Of all the bad things about heartburn, the good news is that it is treatable. Over-the-counter drugs can be purchased easily and cheaply, and often times all it takes to reduce the burn is an antacid after a heavy meal. Indeed, treatment for reflux nearly negates the symptoms.

Proton pump inhibitors are the strongest type of treatment for reflux. If taken properly, proton pump inhibitors are generally safe. However, like all medications, proton pump inhibitors have their issues. One of them is new and startling and deserving of extra attention. It is pneumonia.

In 2004, doctors in the Netherlands, through a study of over 350,000 subjects, established that "gastric acid-suppressive therapy was associated with an increased risk of community-acquired pneumonia."

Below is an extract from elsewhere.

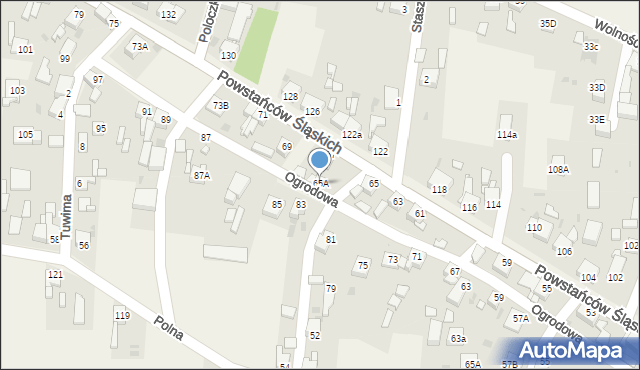 Przyszowice, Powstańców Śląskich, 65A, mapa Przyszowice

In 2009, an American study of nearly 64,000 subjects examined the link between acid-suppressive medication and hospital-acquired pneumonia. Again, the results were similar to the first study. Those who used acid-suppressive treatment for reflux increased their odds of hospital-acquired pneumonia by 30 percent. But more interestingly, the authors found "that statistically significant risk was demonstrated only for proton-pump inhibitor use."

What You Should Do

By no means should you avoid completely omit all use of proton pump inhibitors.  Though the subject of serious safety debates, this treatment option have been proven an effective means of treatment for reflux. Consult a doctor if you have questions or concerns about your treatment option. In a word, always be cautious about your treatment options.